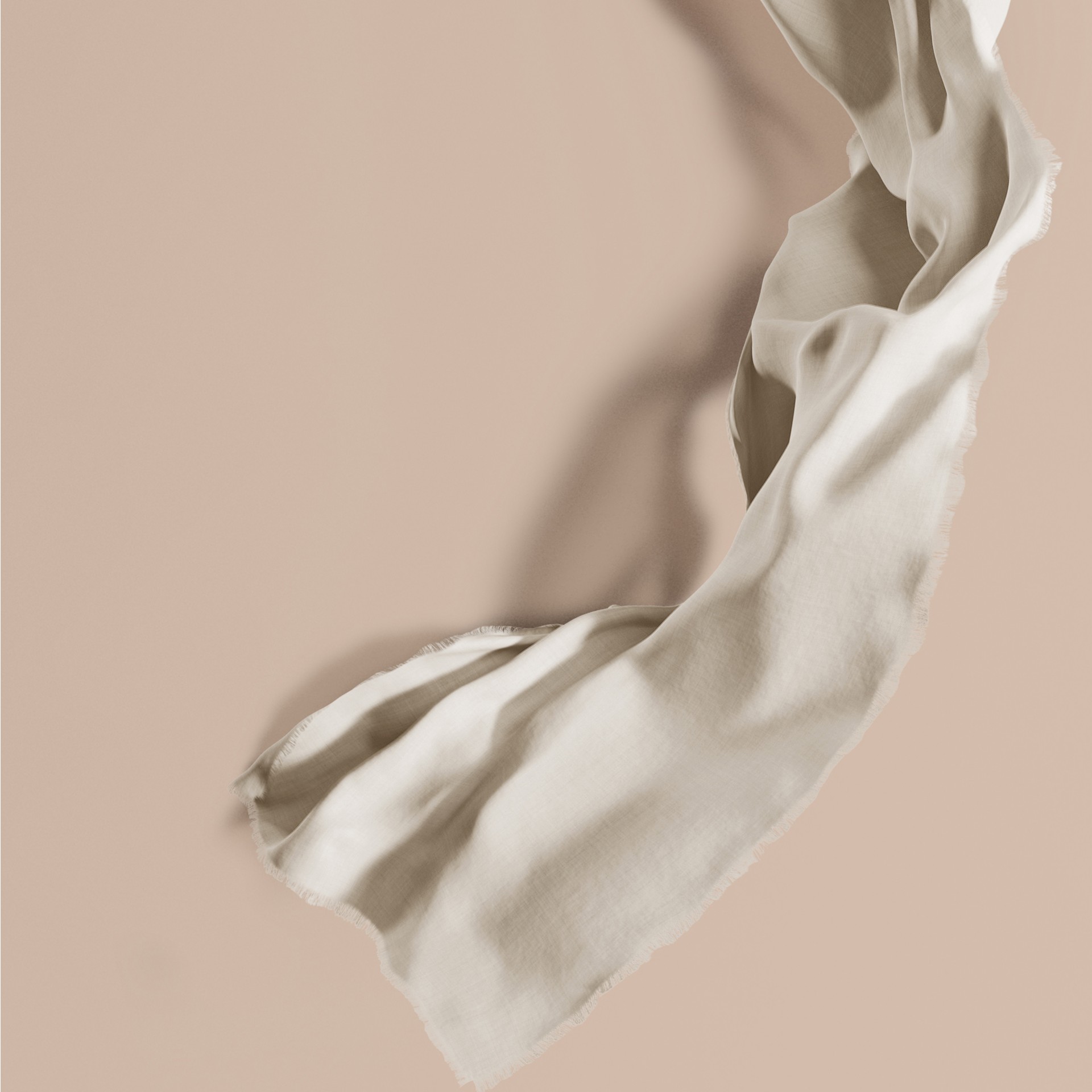 The Lightweight Cashmere Scarf in Natural White Burberry United States
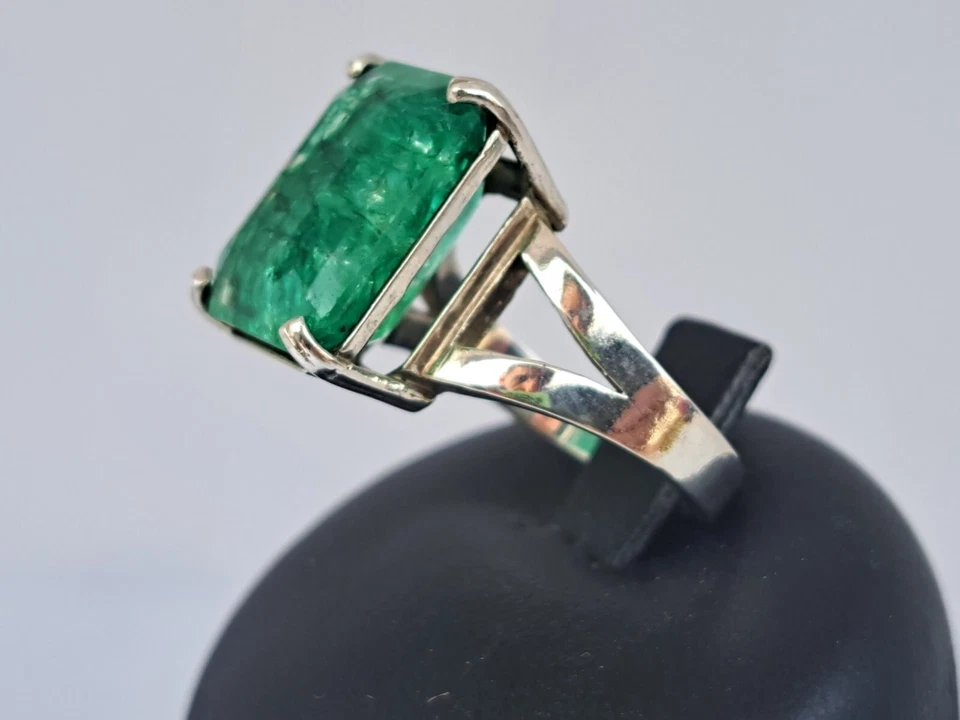anello In argento con smeraldo  8 carati Lab Grown  - Immagine 4 di 4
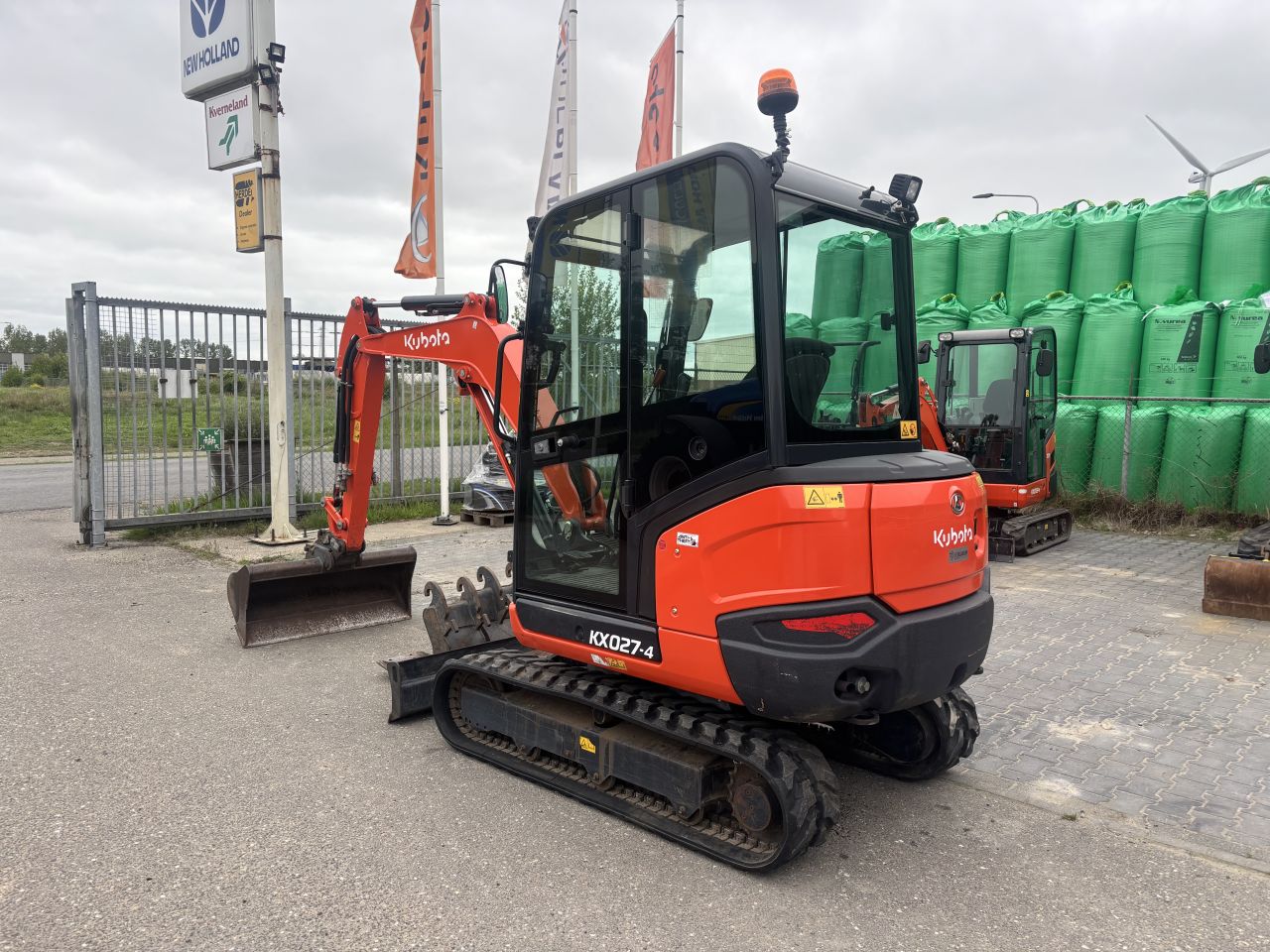 Kubota KX027-4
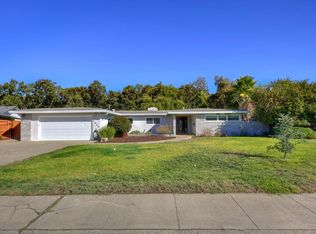7045 Cromwell Way, Sacramento, CA 95822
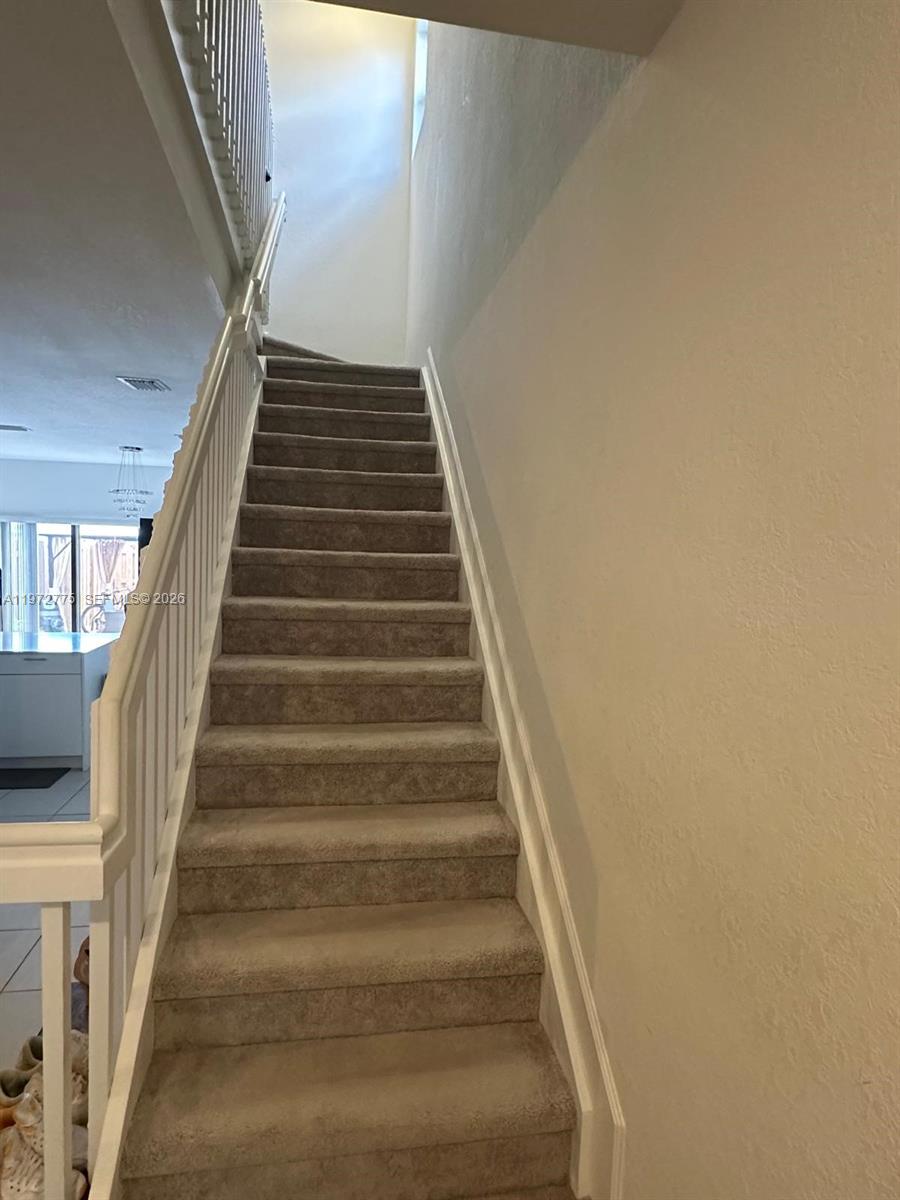 See details 23427 3 / 3 1545 sq. ft. $ 2026-07-13 0 Photo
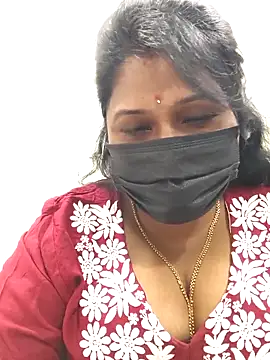 Snapshot of chaitara-reddy chatting on February 9, 2026, 7:39 am chaitara-reddy online show from February 9, 2026, 7:39 am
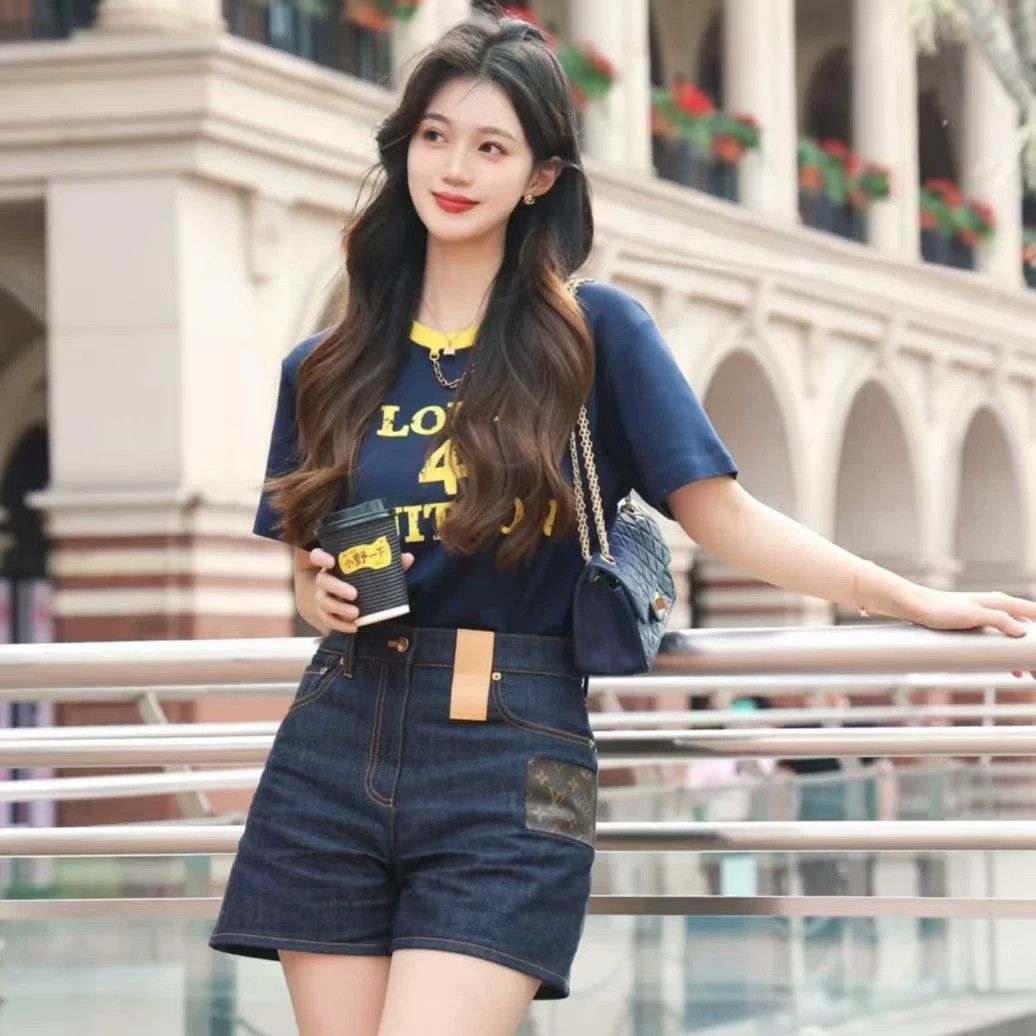 Louis Vuitton LOUIS VUITTON color blocked denim short wmn's black 34 Size 25" / US 0 / IT 36 - 8 Thumbnail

•••••

Instructions for the task :: Keep out the pictures, and copy exactly the lines from the one that contains "7045 Cromwell Way, Sacramento, CA 95822" through the final line of the records above, both ends included.

Expected output ::
7045 Cromwell Way, Sacramento, CA 95822
 See details 23427 3 / 3 1545 sq. ft. $ 2026-07-13 0 Photo
 Snapshot of chaitara-reddy chatting on February 9, 2026, 7:39 am chaitara-reddy online show from February 9, 2026, 7:39 am
 Louis Vuitton LOUIS VUITTON color blocked denim short wmn's black 34 Size 25" / US 0 / IT 36 - 8 Thumbnail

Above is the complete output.